══ DATA

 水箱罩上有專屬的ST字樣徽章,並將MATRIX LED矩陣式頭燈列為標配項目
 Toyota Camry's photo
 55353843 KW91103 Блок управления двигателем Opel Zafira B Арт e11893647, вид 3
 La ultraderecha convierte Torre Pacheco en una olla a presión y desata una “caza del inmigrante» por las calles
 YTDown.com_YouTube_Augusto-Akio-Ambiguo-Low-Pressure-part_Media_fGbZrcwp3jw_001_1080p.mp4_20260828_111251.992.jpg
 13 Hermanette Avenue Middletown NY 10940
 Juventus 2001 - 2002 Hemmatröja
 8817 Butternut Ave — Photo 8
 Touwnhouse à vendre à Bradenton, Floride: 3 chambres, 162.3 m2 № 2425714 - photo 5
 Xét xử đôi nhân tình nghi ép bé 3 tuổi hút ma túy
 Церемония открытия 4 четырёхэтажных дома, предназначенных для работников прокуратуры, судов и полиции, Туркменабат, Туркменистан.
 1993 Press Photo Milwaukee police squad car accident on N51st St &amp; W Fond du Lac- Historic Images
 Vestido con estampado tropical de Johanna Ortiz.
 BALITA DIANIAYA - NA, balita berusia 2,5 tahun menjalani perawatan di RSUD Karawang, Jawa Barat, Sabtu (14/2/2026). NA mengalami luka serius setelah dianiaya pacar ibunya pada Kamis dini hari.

════

GOAL OF THE EXERCISE — Transcribe the data above in its entirety, exactly.

ANSWER BOX —
 水箱罩上有專屬的ST字樣徽章,並將MATRIX LED矩陣式頭燈列為標配項目
 Toyota Camry's photo
 55353843 KW91103 Блок управления двигателем Opel Zafira B Арт e11893647, вид 3
 La ultraderecha convierte Torre Pacheco en una olla a presión y desata una “caza del inmigrante» por las calles
 YTDown.com_YouTube_Augusto-Akio-Ambiguo-Low-Pressure-part_Media_fGbZrcwp3jw_001_1080p.mp4_20260828_111251.992.jpg
 13 Hermanette Avenue Middletown NY 10940
 Juventus 2001 - 2002 Hemmatröja
 8817 Butternut Ave — Photo 8
 Touwnhouse à vendre à Bradenton, Floride: 3 chambres, 162.3 m2 № 2425714 - photo 5
 Xét xử đôi nhân tình nghi ép bé 3 tuổi hút ma túy
 Церемония открытия 4 четырёхэтажных дома, предназначенных для работников прокуратуры, судов и полиции, Туркменабат, Туркменистан.
 1993 Press Photo Milwaukee police squad car accident on N51st St &amp; W Fond du Lac- Historic Images
 Vestido con estampado tropical de Johanna Ortiz.
 BALITA DIANIAYA - NA, balita berusia 2,5 tahun menjalani perawatan di RSUD Karawang, Jawa Barat, Sabtu (14/2/2026). NA mengalami luka serius setelah dianiaya pacar ibunya pada Kamis dini hari.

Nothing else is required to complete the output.